* [PROBLEM]
The answer must consist of every line in the data that contains "Rosa".

* [MATERIALS PROVIDED]
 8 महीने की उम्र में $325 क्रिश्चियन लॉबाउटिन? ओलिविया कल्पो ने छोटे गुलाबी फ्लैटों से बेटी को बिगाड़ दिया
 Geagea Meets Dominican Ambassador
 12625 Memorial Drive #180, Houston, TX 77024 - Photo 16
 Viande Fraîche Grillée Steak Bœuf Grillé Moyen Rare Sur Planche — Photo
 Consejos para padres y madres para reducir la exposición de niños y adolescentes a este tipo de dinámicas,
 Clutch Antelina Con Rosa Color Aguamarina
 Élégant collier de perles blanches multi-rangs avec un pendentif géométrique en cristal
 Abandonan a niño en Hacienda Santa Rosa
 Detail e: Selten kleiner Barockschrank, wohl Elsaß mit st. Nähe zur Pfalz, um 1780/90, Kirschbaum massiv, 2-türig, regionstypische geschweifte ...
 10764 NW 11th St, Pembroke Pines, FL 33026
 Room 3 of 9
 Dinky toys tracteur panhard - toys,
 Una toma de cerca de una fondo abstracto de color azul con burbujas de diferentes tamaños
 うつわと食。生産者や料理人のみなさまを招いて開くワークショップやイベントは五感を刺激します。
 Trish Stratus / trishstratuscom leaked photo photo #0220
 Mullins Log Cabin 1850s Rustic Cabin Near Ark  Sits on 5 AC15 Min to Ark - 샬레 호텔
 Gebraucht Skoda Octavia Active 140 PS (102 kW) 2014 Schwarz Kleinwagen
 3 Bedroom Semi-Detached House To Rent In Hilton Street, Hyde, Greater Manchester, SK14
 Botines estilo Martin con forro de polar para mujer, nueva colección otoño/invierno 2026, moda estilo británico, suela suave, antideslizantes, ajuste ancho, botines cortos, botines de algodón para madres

* [RESULT OF THE EXERCISE]
 Clutch Antelina Con Rosa Color Aguamarina
 Abandonan a niño en Hacienda Santa Rosa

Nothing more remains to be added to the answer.